For the 2048 width model, I wanted to test how much the dataset used for importance analysis (the step where we decide which neurons to prune) matters. Not necessarily shocking, but it turns out quite a lot! I tried two datasets: a subset of the math data from dolmino-mix-1124², and general data from the same dataset, which does include some math.

58% of the top-2048 most important neurons are different between the two analyses. The early layers mostly agree on what’s important, but from layer 6 onward the rankings diverge.

Importance score divergence between math and general datasets

The model calibrated with math also trained better. Validation loss started lower and ended lower. Note that I did stop the general training run early, but it wasn’t going to catch up, and I wanted to move on to training the larger models.

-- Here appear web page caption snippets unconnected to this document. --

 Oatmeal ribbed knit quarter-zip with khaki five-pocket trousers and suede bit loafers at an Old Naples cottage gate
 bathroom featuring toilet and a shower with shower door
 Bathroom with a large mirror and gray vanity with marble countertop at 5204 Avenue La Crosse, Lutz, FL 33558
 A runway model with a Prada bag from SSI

Here are the loss curves for the math and general models: Train loss comparison between math and general importance analysis

Distillation

These models were retrained using distillation with the top 128 logprobs generated by Flex-math-2x7B-1T using the GSM8k, Metamath-owmfilter, and TuluMath subsets of the DOLMino mix dataset (the same dataset that FlexOlmo was trained with), about 620K total documents. Logprobs dataset here.

Performance vs Baseline

Evals

Using LM eval harness (which handles base models well), we got pretty close to the paper’s baseline numbers. Math2 is the macro average of GSM8K and MATH³.

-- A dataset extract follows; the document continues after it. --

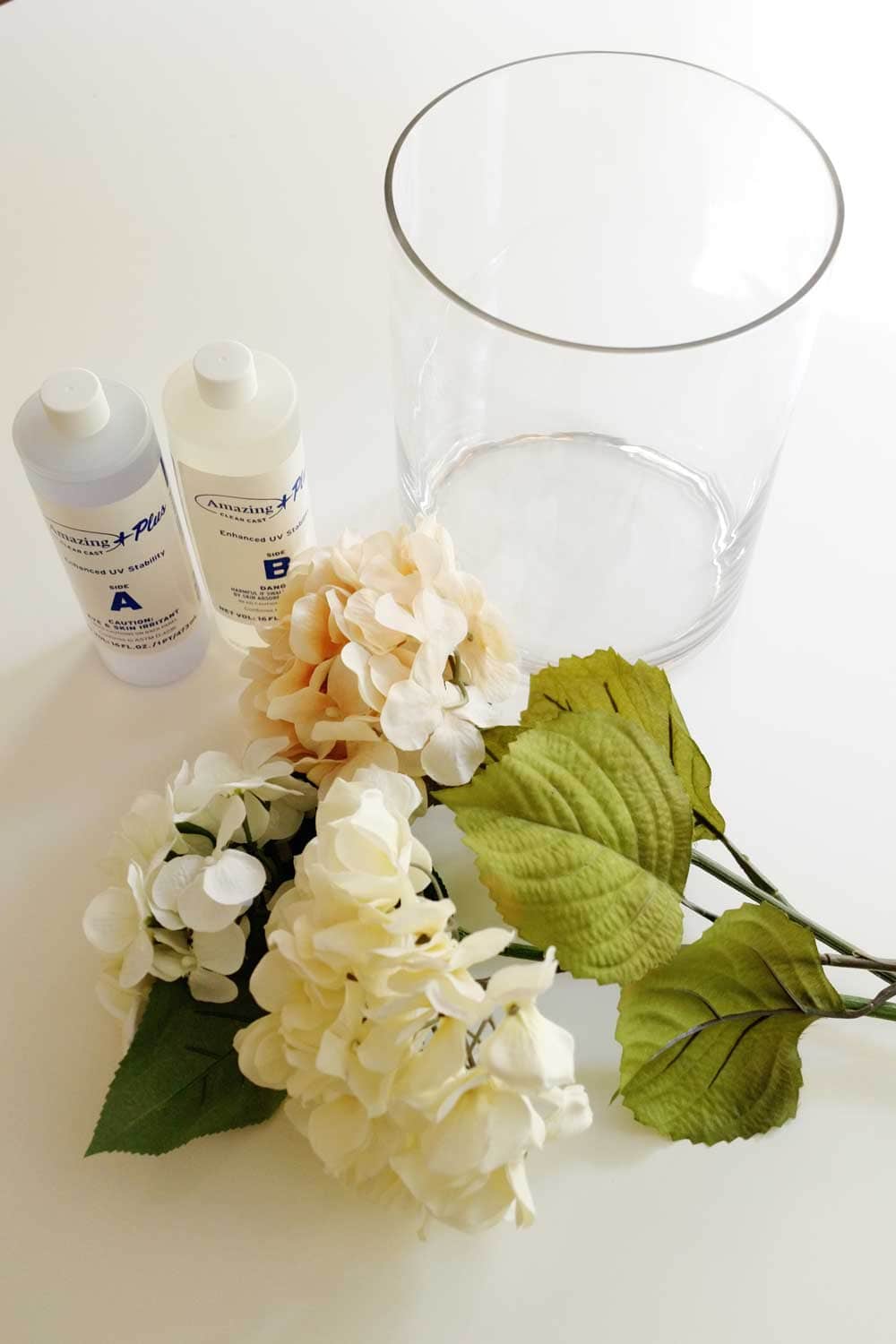Create this DIY Artificial Flower Arrangement in glass vase using resin that looks like water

Model	Total Params	Expert Params	Expert Width	GSM8K	MATH	Math2
Public model, no expert⁴	7.3B	0	—	—	—	8.1
Flex-math-2x7B-1T (baseline)	11.6B	4.3B	11008 (100%)	69.7	35.4	52.5
flex-math-8192	10.5B	3.2B	8192 (74%)	70.1	31.3	50.7
flex-math-5504	9.5B	2.2B	5504 (50%)	66.6	26.8	46.7
flex-math-2048	8.1B	0.8B	2048 (19%)	44.3	13.9	29.1

The 8192 model is juust about on par with the full-sized expert. Even the 2048 model (0.8B expert params) scores 3.6x the no-expert baseline. The half-sized expert (5504) is pretty competitive with it’s larger siblings.

Takeaways

I think this is a pretty good nail!

I’m particularly impressed with the 2048-width model. Adding just 800M parameters makes the model almost four times as good as the baseline model! I think that seems like very good bang for your buck, especially for training on so few tokens.
Prune + distill is a good path to making smaller FlexOlmo models
Choosing the importance analysis dataset wisely can make a pretty substantial difference in the overall performance of the model.
Smaller experts could make the data collaboration vision of FlexOlmo more viable

Tentative Recipe for Training New FlexOlmo Experts (Untested… for now)

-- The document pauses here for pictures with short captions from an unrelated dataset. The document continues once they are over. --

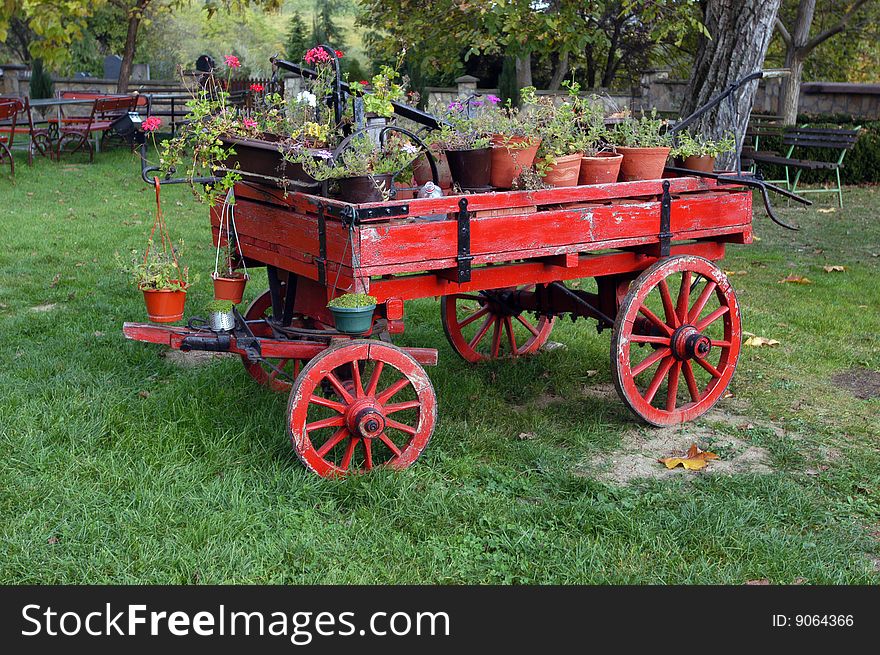 Old horse drawn wagon filled with flowers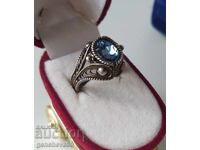 Revival period silver filigree ring with blue topaz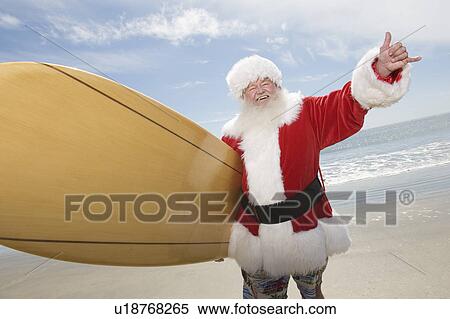 Father Christmas stands with a surfboard at the beach View Large Photo Image Stock Photography - Father Christmas stands with a surfboard at the beach. Fotosearch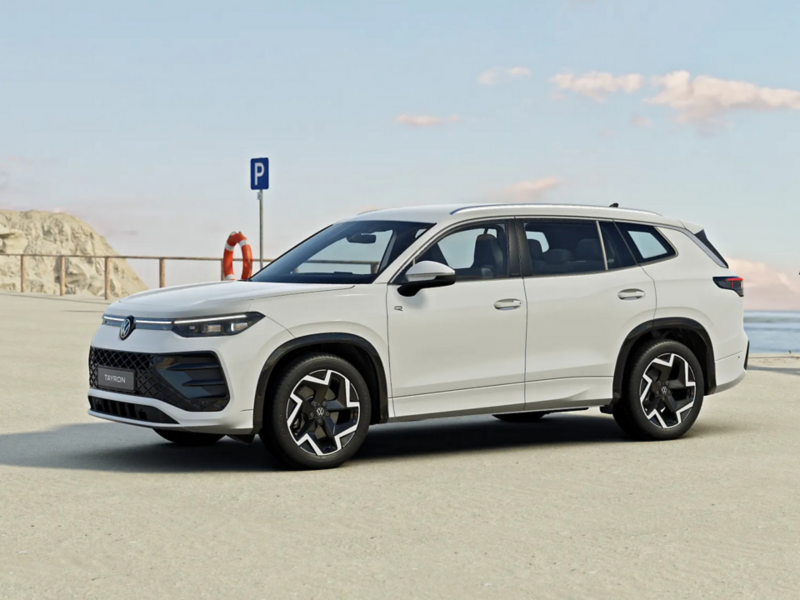 Weißer  VW Tayron R-Line geparkt am Meer mit Rettungsring und Parkplatzschild im Hintergrund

I think the way this would go down would be:

Do importance analysis on the Flex-public-7B-1T model with the target dataset
Prune the MLPs to the desired width
Attach those to an untouched public model (as described in the FlexOlmo paper)
Train only the expert’s MLP, either with regular old cross entropy loss on the dataset or, even better, using KLD distillation from a strong teacher model.

Limitations

I only evaluated on math benchmarks (GSM8K and MATH). It’s possible that pruning the expert hurts general reasoning or other capabilities that I didn’t measure. Running BBH was going to take like 60 hours on my home system, so I figured I’d just punt and do these. Since we’re pruning a math expert and testing math performance, I think the evals here are the right ones, but broader evaluation would be nice. I also really want to know how FlexOlmo works with post-training. Can we mix a post-trained public model and an expert model with just continued pretraining? Or just post-train the expert model? Etc.

This glosses over a few details, but I think it’s an ok way to think about it. ↩
Using the following files from the dataset: data/math/gsm8k/**/*.jsonl, data/math/metamath-owmfilter/**/*.jsonl, data/math/tulu_math/**/*.jsonl. About a week later, I honestly don’t remember why I only chose those from the dataset. I remember trying to avoid code– MathCoder and a couple other parts of the math dataset are code-heavy, but I don’t remember why I avoided e.g., DolminoSynthMath. Bit of an oversight, but I think we still have meaningful results with a smaller dataset. ↩
I think it’s the macro average! I can’t find the exact definition anywhere, but the metrics I found line up with the paper well. ↩
Scores reported from the FlexOlmo paper, Table 1. This is the public-only model with no math expert attached. ↩